Magician Michael King, from Hampshire, said: “I met Paul Daniels at Cliveden. He was a guest at the dinner and I was the magician. I was nervous. It was like taking painting by numbers to Picasso.
“He and Debbie were so nice. They seemed very professional, hugely knowledgeable. He was an icon.”
Friends and magic enthusiasts Mike Roberts and Bob Gill had travelled together from Swindon to the auction.
Mr Roberts said: “I’m here because it’s nice to see the tricks in the flesh after seeing them on TV. I’m not bidding on anything. I’ve still got an attic full.
“I was a part-time magician for children’s parties in the Eighties. I was in electrics full-time.
“Paul was the greatest salesman. He kept magic alive as people would think, ‘Why don’t we get a magician for the children’s party?’”

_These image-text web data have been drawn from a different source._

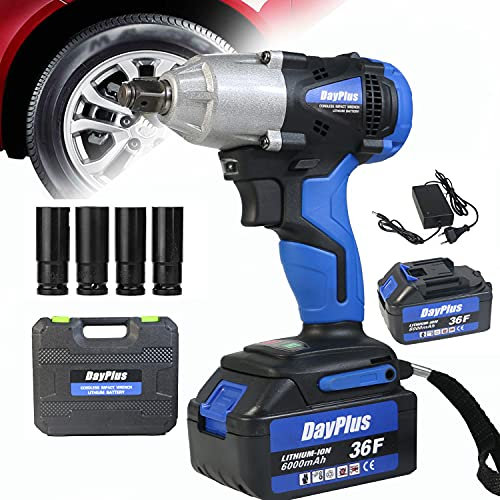 ZanGe 18V Cordless Impact Wrench 1/2 inch 2 Speed Electric Screwdriver Cordless Multifunctional Power Tool Kit. High Torque 420N.m Forward&Switching Impact Driver Set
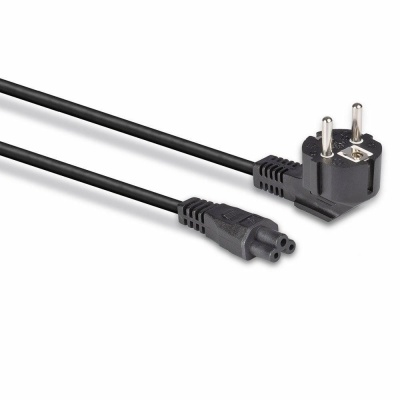 Cablu alimentare Lindy, conector A: Schuko, conector B: IEC C5C5, lungime cablu 2m, material PVC si PBT, material conductor: cupru, dimensiuni A: 36.5x71x36.5mm (1.44x2.8x1.44in), B: 22.8x64x15mm (0.9x2.52x0.59in), negru - Img 3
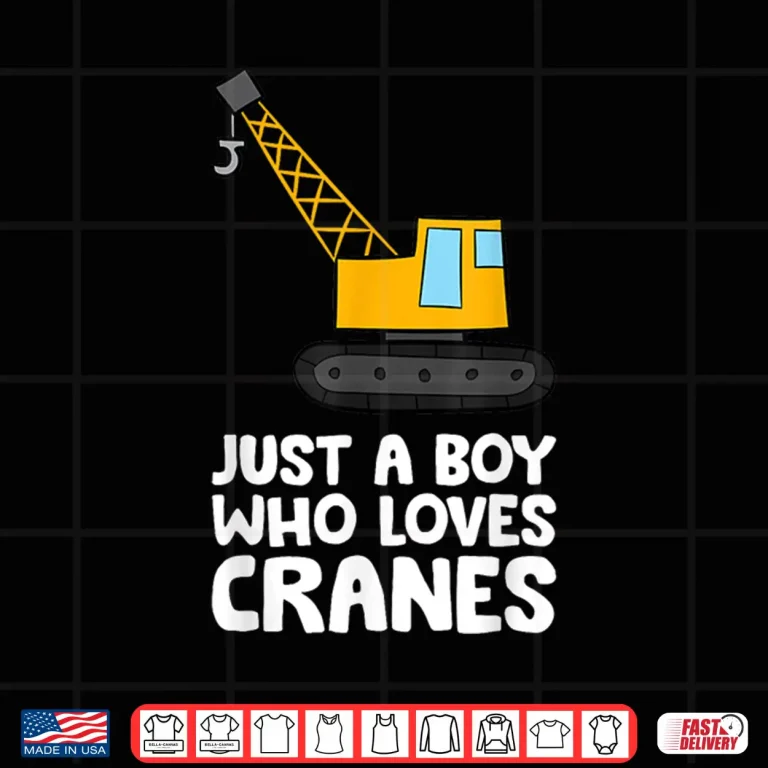 Design Loves Cranes Construction Shirt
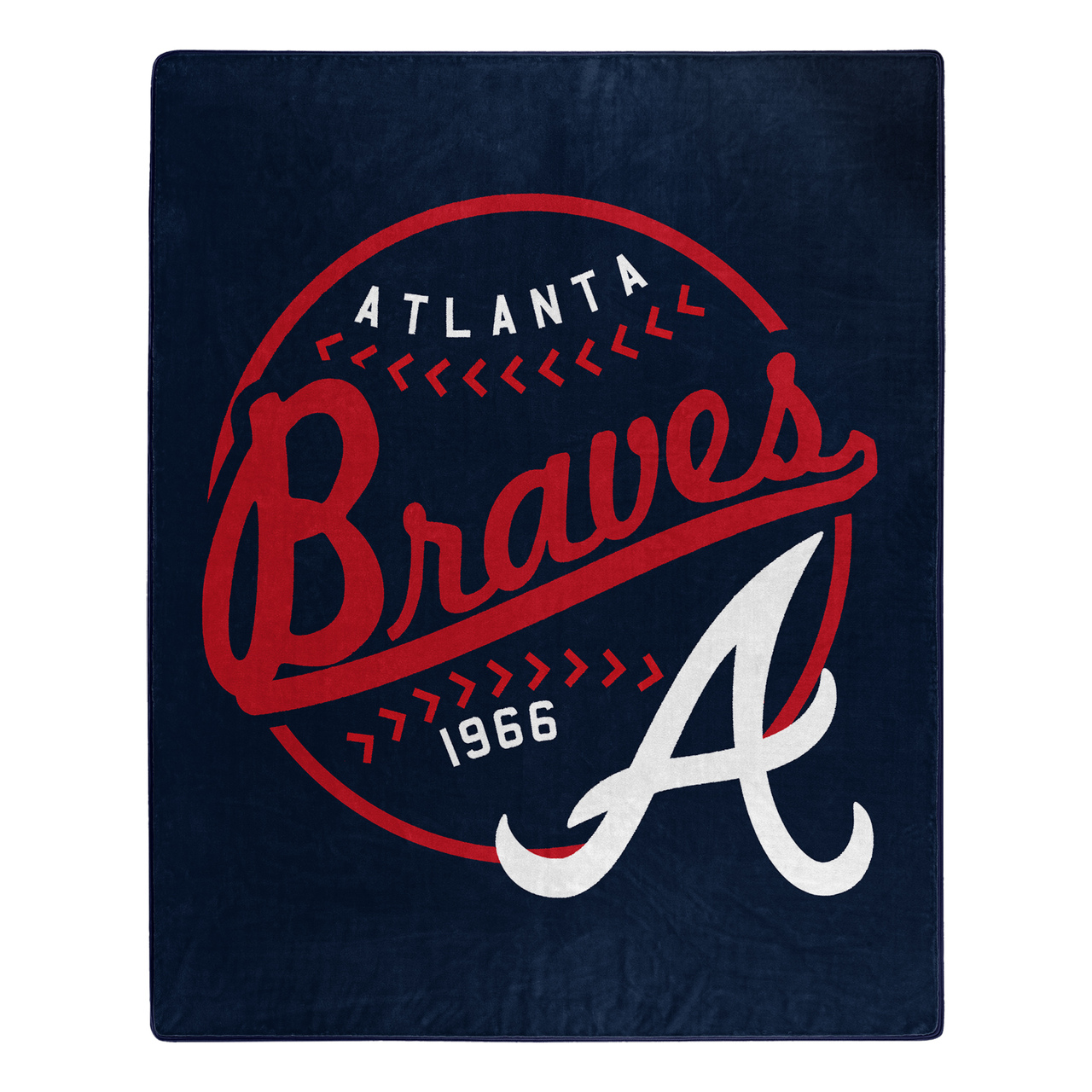 Atlanta Braves Moonshot Design Raschel Blanket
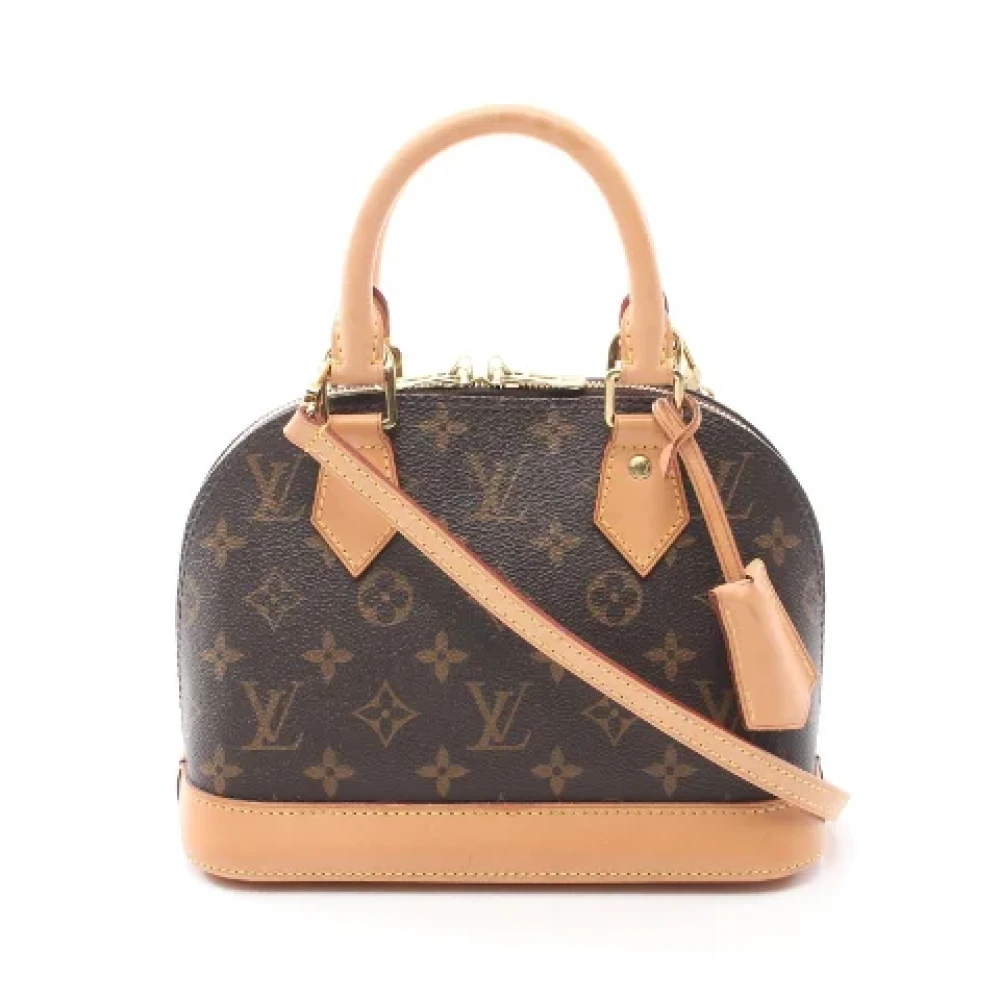 Louis Vuitton Vintage Pre-owned Canvas handbags Brown Dames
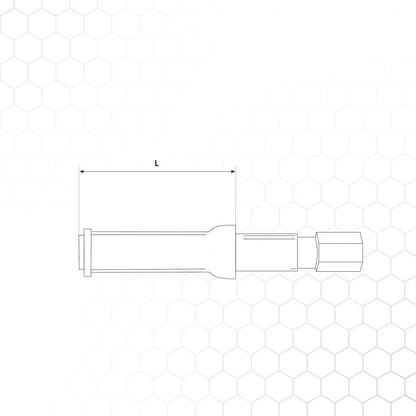 Poltinrunko SP9P L=41mm (kaasu) – kuva 3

Mr Gill, who wrote a bibliography on magic, said: “I’m here partly because I’m nosey. I met Paul, who had a reputation as a good collector.
“I’m a collector myself and have a modest library. These prices are outrageous. I’m guessing it is because of the Paul Daniels stamp. A book went for £180 but I guarantee I could get it for £18.
“I’m a trick monkey, I love buying tricks. You’d be amazed what we idiots pay for tricks. We’re like kids in the audience as we want to know how it works.”
McGee said: “I’m not really a collector but I have a couple of nice pieces. I have an African belt, or you can use it as a necklace, which has an amulet that belonged to Dame Margot Fonteyn. It’s tin and Paul gave it to me for our tin wedding anniversary.
“I have a couple of Limoges cups and saucers which are very elegant.”
She said she was pleased with how the auction went, adding: “I am delighted that so many people chose to buy something of Paul’s. It has been an emotional and inspiring couple of days passing on his legacy.”